Others may call it “whistling by the graveyard,” arguing that consumer behavior was corrupted with excessive stimulus and relief during the pandemic. In other words, there’s a prevailing feeling that when the “stuff” hits the fan, consumers will stop paying rent, let purchases be repossessed, and wait for another government bailout, leaving credit card issuers to deal with the mess.
This is a tongue-in-cheek exaggeration, of course. But there’s some hard data corroborating the sentiment. Specifically, the Federal Reserve Bank of New York’s household debt and credit report from Feb. 3, 2023, showed significant consumer debt increases from last quarter:
- Mortgage balances up $254 billion
- Credit card balances jumped $61 billion
- Home equity lines of credit rose $14 billion
Perhaps more importantly, the same report showed the current share of debt transitioning into delinquency increased for nearly all debt types.
The Bullish Stance
On the other hand, the bulls would point to their own supportive data. For example, the air is coming out of the housing bubble (see chart below) and typically lags other economic data by 6-12 months. Similarly, the spike in household debt will naturally relieve inflation as people realize they have less money and must live within their means.
The bulls also foresee reversals in markets and interest rate trends. They argue that since more than 58% of Americans own stocks in some form, when the market recovers there will be significantly more buying power available to pay debts.
Plus, bulls say anyone over age 60 can recall the mid-1980s, when new home buyers were overjoyed as mortgage rates dipped below 10% for the first time in a decade. Meanwhile, today's rates in the low to mid-7’s are treated like the plague because most new home buyers since 2008 have been living in a low-rate bubble created by quantitative easing.
The bullish crowd also considers the Fed’s 2% inflation target unrealistic. From 1960-2021, inflation fluctuated, averaging 3.8% annually (see chart below). During that time, the stock market managed to do just fine as household wealth grew, real estate appreciated, America prospered, and jobs were plentiful.
Where Does This Leave Us?
The two sides of the coin are quite different. Yet, the polarized debates on the economy, earnings, consumer health, price-to-earnings valuations, and more, will rage on because there is no consensus due to a monetary policy stance that lacks any historical context.

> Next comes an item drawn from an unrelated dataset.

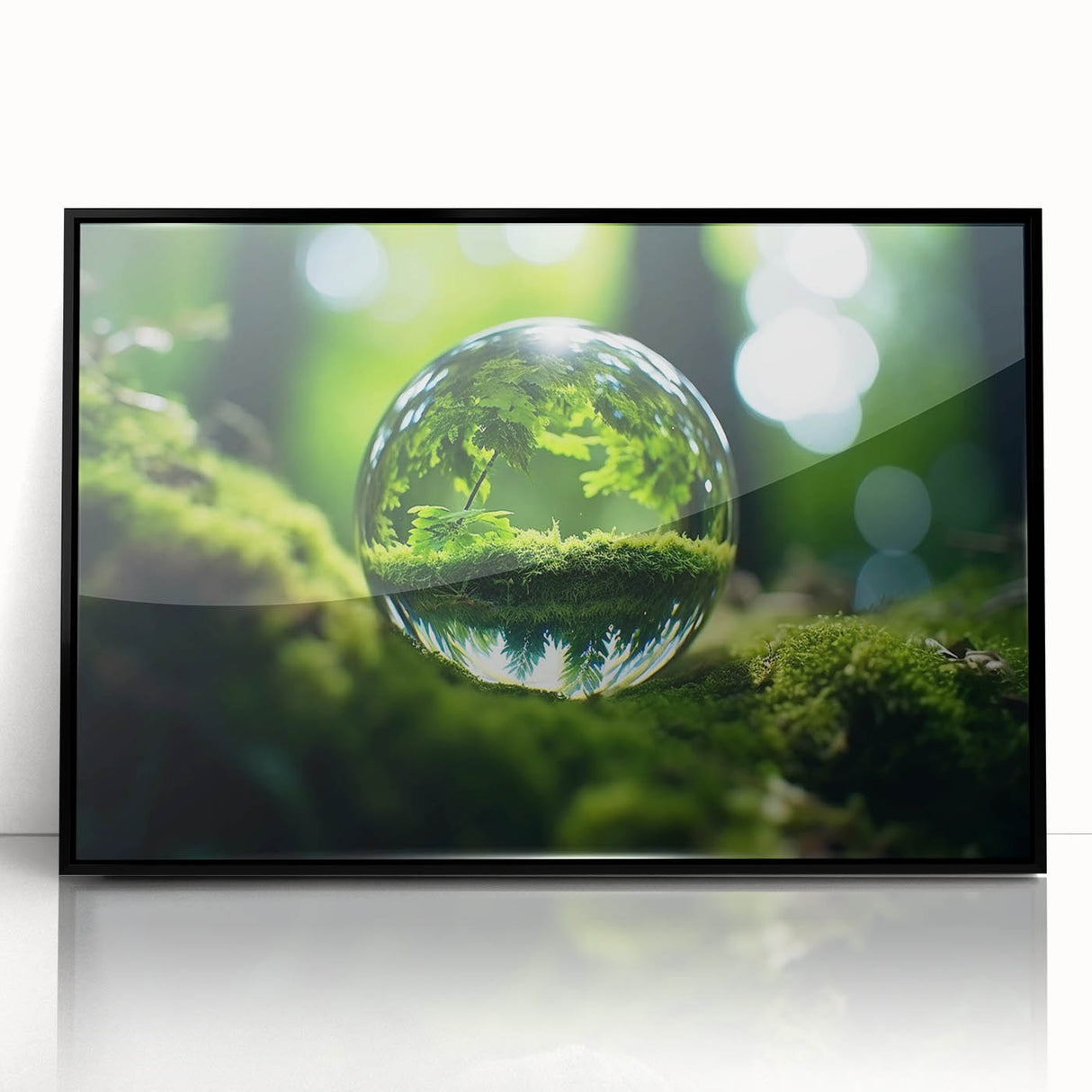 Framed acrylic print featuring a large abstract water design in blue and teal tones, ideal for modern living room decor.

As we pointed out a few weeks ago, this situation will continue to foster ongoing volatility in the short- and intermediate-term until more data sheds light on economic conditions in the second half of the year. Like clockwork, the Big Money Index (BMI), which is a 25-day moving average of “big money” investor activity created by our friends at MAPsignals, began to dip from overbought territory as buying slowed and a new downward trend emerged:
So, the recent softer price action shouldn’t be a surprise as the market needed a breather to consolidate. But remember, we were given an unexpected cushion to start the year with the initial six-week run-up of the market that nobody saw coming (including us). See what we mean about forecasting the future being difficult?
That said, when you have good stocks in your portfolio, sitting tight during short-term volatility and market consolidation is a great plan of action. We were given a gift to start the year. Sometimes – like now – it pays to just show some patience.